筋肉を強化する方法というと無酸素運動が有効とされています。息を止めて、酸素を吸わなくても身体を動かすことができる運動を指していて、筋肉トレーニング(筋トレ)や短距離走などが該当します。
筋肉強化の専門家の最高峰といえばボディビルがあげられます。東京にいたときに理事を務めていた日本健康スポーツ連盟の当時の理事長は、日本ボディビル・フィットネス連盟の会長でもあったことから、体格のいい、頼もしい身体の人と出会うことが多くありました。
筋肉が多い身体は、筋力を鍛えているからですが、筋肉の力は一般に“筋力”と呼ばれています。筋力は収縮するときに発揮される力と筋肉が繰り返し収縮し続ける能力を指していますが、詳しく分類すると“筋収縮力”と“筋持久力”となります。
筋力には、もう一つの種類があって、それは“筋代謝力”です。これは筋肉が、どれだけの代謝ができるかの能力のことで、よく言われるのは「筋肉をつければ代謝が上がる」ということです。
ここでいう代謝はエネルギー代謝のことで、どれだけ多くのエネルギーを作り出すことができるかという能力が筋代謝力です。
筋収縮力と筋持久力で主に使われているのは速筋と呼ばれる筋肉で、白い色をしていることから白筋とも呼ばれます。白筋は無酸素運動によって強化されて、太くなっていきます。
これに対して筋代謝力を発揮するのは遅筋と呼ばれる筋肉で、赤い色をしていることから赤筋とも呼ばれます。赤筋は有酸素運動によって強化され、太くなっていきます。運動によって代謝を高めて、余計な脂肪をつけないようにすることを考えるときには、有酸素運動が有効になるわけです。

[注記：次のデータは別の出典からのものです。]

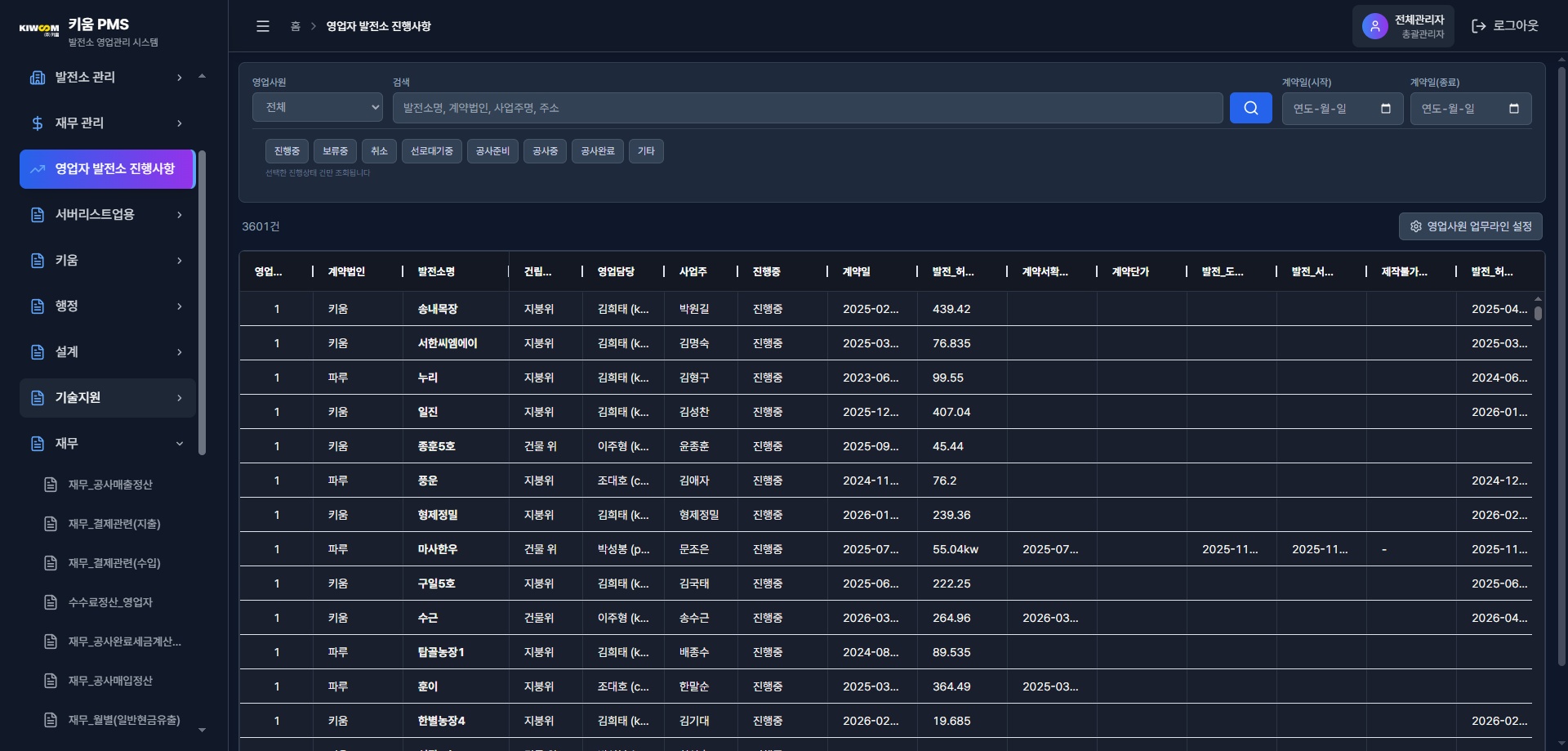 영업관리 ERP mockup 12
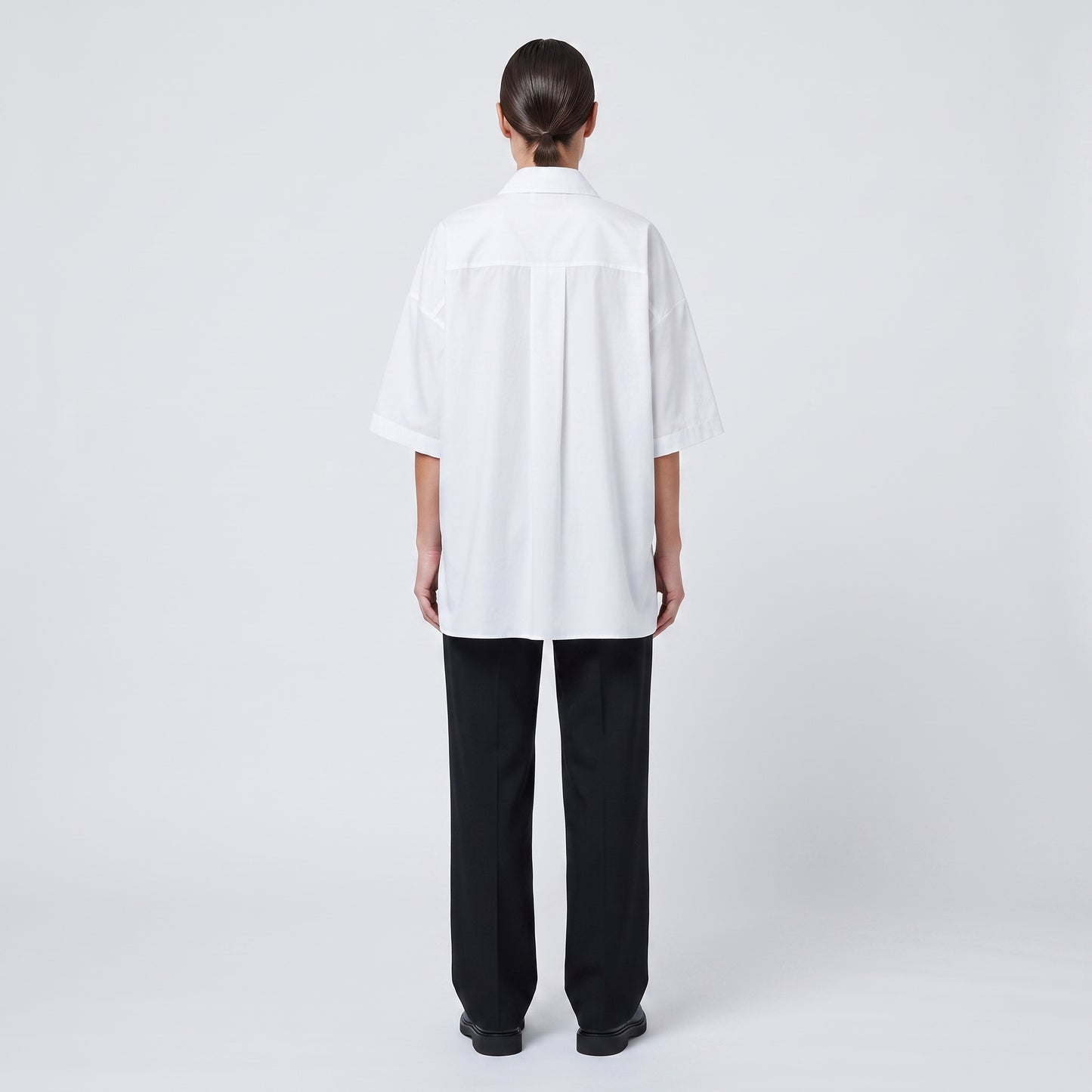 Oversized Pointed Collar Shirt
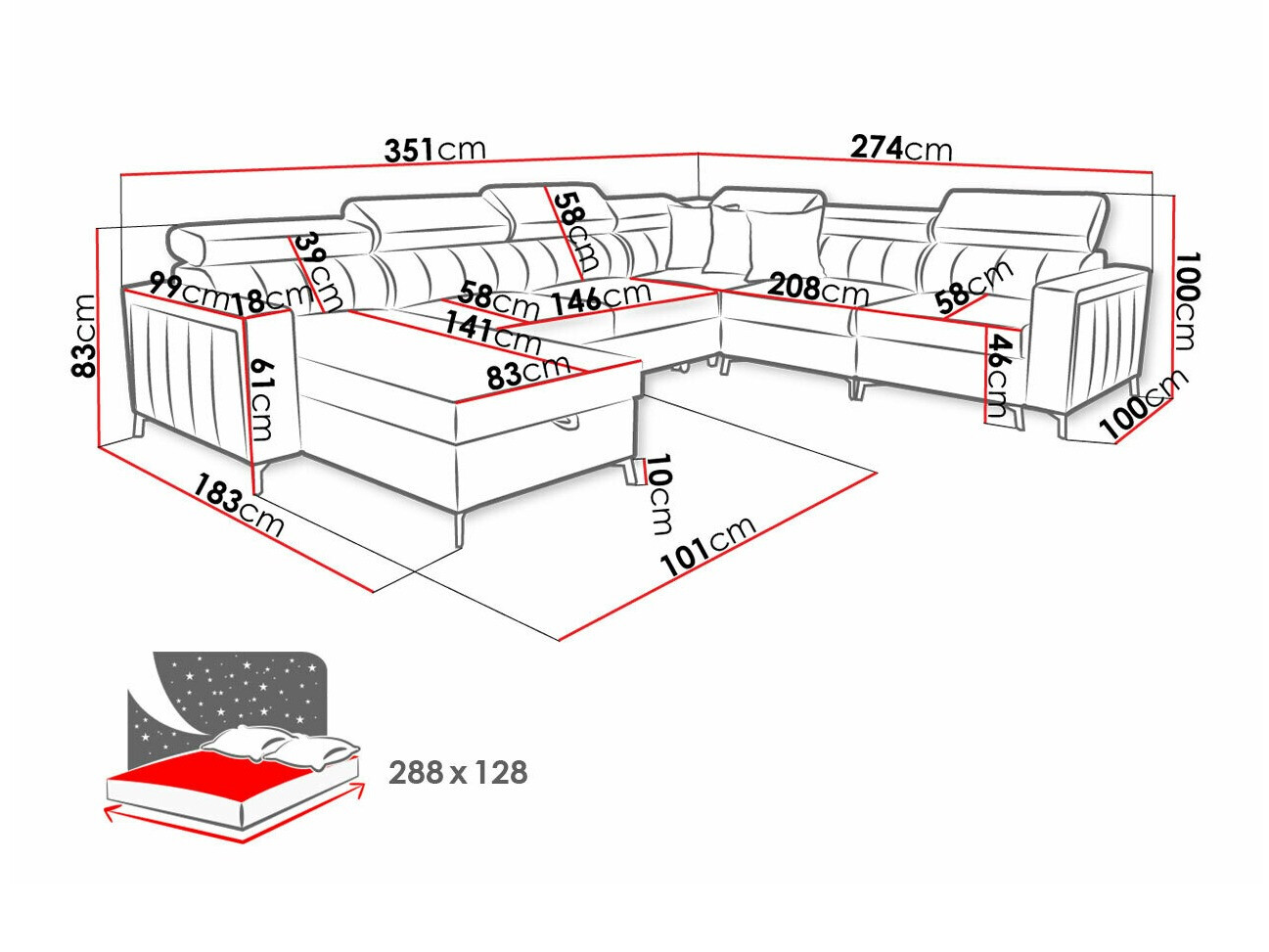 Угловой диван Sarasota 157 (Mono 242 + Botanical 36)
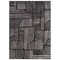 World Rug Gallery Contemporary Boho Stripes Non Shedding Soft Area Rug 5' x 7' Black 396BLACK5x7 - alternate 9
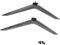 Replacement Base Stand for Hisense Smart TV 75A66FUA 75U6G, Non-Slip TV Legs for Hisense 75 U6G 4K UHD Android TV 75U6G, Table Top TV Stand for Hisense TV 75U6G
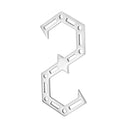 4pcs S Shaped Hooks Stainless Steel Hangers Outdoor Metal Hook Buckles Carabi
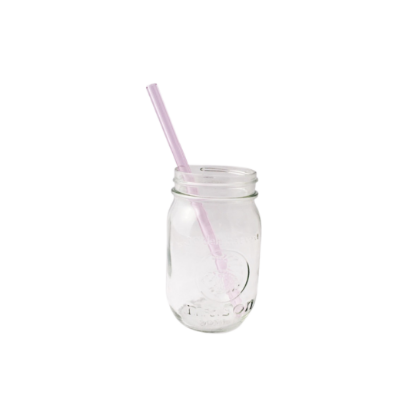 Strawesome - Glass Straw - Pink Sapphire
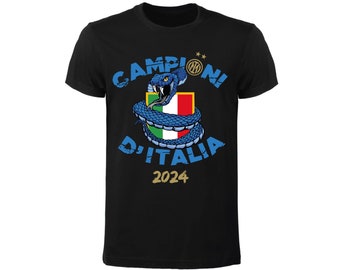 T-shirt - Inter celebrativa scudetto 2024 adulti e bambini 20 esimo scudetto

無酸素運動を続けると筋肉の中では疲労物質とされる乳酸が蓄積されます。乳酸は筋肉の働きを低下させるので、筋肉強化の後には有酸素運動としてのウォーキングやランニングをすることがすすめられます。
走るのが苦手とされるボディビルダーも、筋トレの仕上げには有酸素運動をしています。筋肉に蓄積された乳酸は、有酸素運動によってエネルギー化させることができます。筋肉運動の後のウォーキングは、よりエネルギー代謝を高めてくれます。
ウォーキングでも負荷がかかる早歩きをすると赤筋が増えていくので、この方法を使って、効果的に筋肉量のキープとエネルギー代謝の向上による体脂肪のエネルギー化を、今も実施しています。